▸ Exercise objective
Every line of the material below needs to be copied exactly; omit the pictures.

▸ Material provided

=== Section Start ===

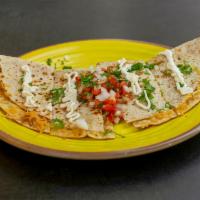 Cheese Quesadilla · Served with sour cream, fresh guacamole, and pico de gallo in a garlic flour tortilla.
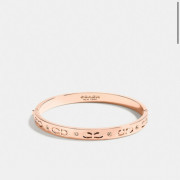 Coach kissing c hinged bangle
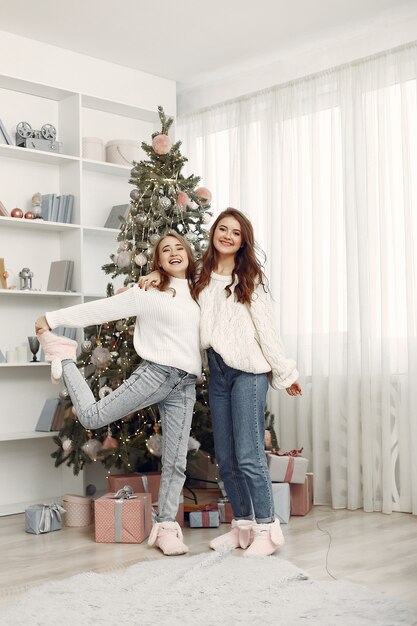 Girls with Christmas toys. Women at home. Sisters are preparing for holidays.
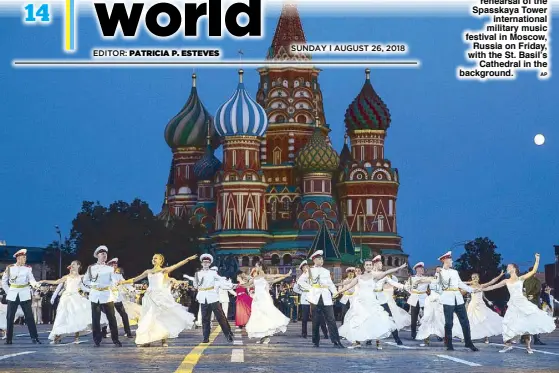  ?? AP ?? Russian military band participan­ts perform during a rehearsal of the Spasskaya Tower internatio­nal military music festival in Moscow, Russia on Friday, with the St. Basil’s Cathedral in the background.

=== Section End ===

▸ Your response
 Cheese Quesadilla · Served with sour cream, fresh guacamole, and pico de gallo in a garlic flour tortilla.
 Coach kissing c hinged bangle
 Girls with Christmas toys. Women at home. Sisters are preparing for holidays.
  ?? AP ?? Russian military band participan­ts perform during a rehearsal of the Spasskaya Tower internatio­nal military music festival in Moscow, Russia on Friday, with the St. Basil’s Cathedral in the background.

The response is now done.